It is not our province to usurp the functions of the historian, and therefore we pass willingly over that intricate portion of history which ends with the murder of Darnley. It was notoriously the work of Bothwell, but not his alone, for Lethington, Huntly, and Argyle, were also deeply implicated. Bothwell now stands forward as a prominent character of the age. He was a bold, reckless, desperate adventurer, with little to recommend him save personal daring, and a fidelity to his mistress which hitherto had remained unshaken. Lethington, in all probability, merely regarded him as an instrument, but Bothwell had a higher aim. With daring ambition, he aimed at the possession of the person of Mary, and actually achieved his purpose.

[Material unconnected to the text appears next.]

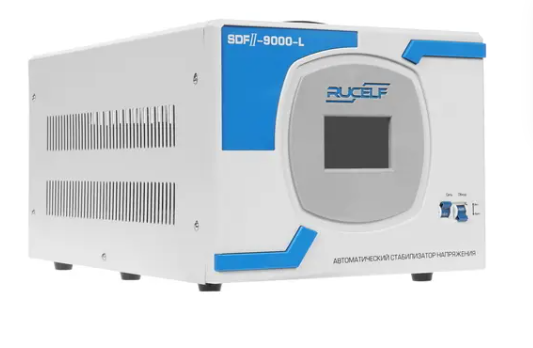 Стабилизатор напряжения RUCELF SDF.II-9000-L белый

This unhappy and most unequal union roused the ire of the Scottish nobles. Even such of them as, intimidated by the reckless character of Bothwell, had sworn to defend him if impeached for the slaughter, and had recommended him as a fitting match for Mary, now took up arms, under the pretext that he had violently abducted their sovereign. We fear it cannot be asserted with truth that much violence was used. Poor Queen Mary had found, by bitter experience, that she could hardly depend upon one of her principal subjects. Darnley, Moray, Morton, Lethington, and Arran, each had betrayed her in turn; everywhere her steps were surrounded by a net of the blackest treachery: not one true heart seemed left to beat with loyalty for its Queen. Elizabeth, with fiendish malice, was goading on her subjects to rebellion. The Queen of England had determined to ruin the power of her sister monarch; the elderly withered spinster detested the young and blooming mother. Why, then, should it be matter of great marvel to those who know the acuteness of female sensibility, if, in the hour of desertion and desolation, Mary should have allowed the weakness of the woman to overcome the pride of the sovereign, and should have opposed but feeble resistance to the advances of the only man who hitherto had remained stanch to her cause, and whose arm seemed strong enough to insure her personal protection? It is not the first time that a daring villain has been taken for a hero by a distressed and persecuted woman.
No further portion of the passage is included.